The answer must consist of the entries, copied exactly and in full.

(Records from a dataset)
____________________
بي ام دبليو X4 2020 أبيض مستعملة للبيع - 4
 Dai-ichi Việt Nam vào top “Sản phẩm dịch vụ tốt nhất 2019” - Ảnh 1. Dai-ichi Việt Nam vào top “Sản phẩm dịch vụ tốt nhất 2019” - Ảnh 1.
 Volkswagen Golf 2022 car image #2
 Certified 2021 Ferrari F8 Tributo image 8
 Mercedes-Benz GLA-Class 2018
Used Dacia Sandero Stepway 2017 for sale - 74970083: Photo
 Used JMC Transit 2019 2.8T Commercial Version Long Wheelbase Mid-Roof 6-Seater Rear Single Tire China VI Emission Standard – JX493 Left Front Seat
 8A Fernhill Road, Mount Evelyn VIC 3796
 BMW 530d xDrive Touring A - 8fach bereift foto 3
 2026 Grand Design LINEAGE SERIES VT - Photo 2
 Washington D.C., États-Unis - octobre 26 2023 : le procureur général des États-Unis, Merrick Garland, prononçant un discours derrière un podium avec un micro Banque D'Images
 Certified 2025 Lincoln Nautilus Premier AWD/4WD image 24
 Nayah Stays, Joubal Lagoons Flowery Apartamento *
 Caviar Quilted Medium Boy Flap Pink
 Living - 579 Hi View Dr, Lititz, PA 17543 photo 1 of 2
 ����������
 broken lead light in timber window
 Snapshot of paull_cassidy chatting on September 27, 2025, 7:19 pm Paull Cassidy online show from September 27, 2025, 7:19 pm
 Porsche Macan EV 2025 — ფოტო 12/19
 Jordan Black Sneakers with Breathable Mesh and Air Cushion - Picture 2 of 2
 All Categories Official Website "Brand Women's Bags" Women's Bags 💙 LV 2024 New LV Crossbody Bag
____________________
- ANSWER TO THIS TASK:
بي ام دبليو X4 2020 أبيض مستعملة للبيع - 4
 Dai-ichi Việt Nam vào top “Sản phẩm dịch vụ tốt nhất 2019” - Ảnh 1. Dai-ichi Việt Nam vào top “Sản phẩm dịch vụ tốt nhất 2019” - Ảnh 1.
 Volkswagen Golf 2022 car image #2
 Certified 2021 Ferrari F8 Tributo image 8
 Mercedes-Benz GLA-Class 2018
Used Dacia Sandero Stepway 2017 for sale - 74970083: Photo
 Used JMC Transit 2019 2.8T Commercial Version Long Wheelbase Mid-Roof 6-Seater Rear Single Tire China VI Emission Standard – JX493 Left Front Seat
 8A Fernhill Road, Mount Evelyn VIC 3796
 BMW 530d xDrive Touring A - 8fach bereift foto 3
 2026 Grand Design LINEAGE SERIES VT - Photo 2
 Washington D.C., États-Unis - octobre 26 2023 : le procureur général des États-Unis, Merrick Garland, prononçant un discours derrière un podium avec un micro Banque D'Images
 Certified 2025 Lincoln Nautilus Premier AWD/4WD image 24
 Nayah Stays, Joubal Lagoons Flowery Apartamento *
 Caviar Quilted Medium Boy Flap Pink
 Living - 579 Hi View Dr, Lititz, PA 17543 photo 1 of 2
 ����������
 broken lead light in timber window
 Snapshot of paull_cassidy chatting on September 27, 2025, 7:19 pm Paull Cassidy online show from September 27, 2025, 7:19 pm
 Porsche Macan EV 2025 — ფოტო 12/19
 Jordan Black Sneakers with Breathable Mesh and Air Cushion - Picture 2 of 2
 All Categories Official Website "Brand Women's Bags" Women's Bags 💙 LV 2024 New LV Crossbody Bag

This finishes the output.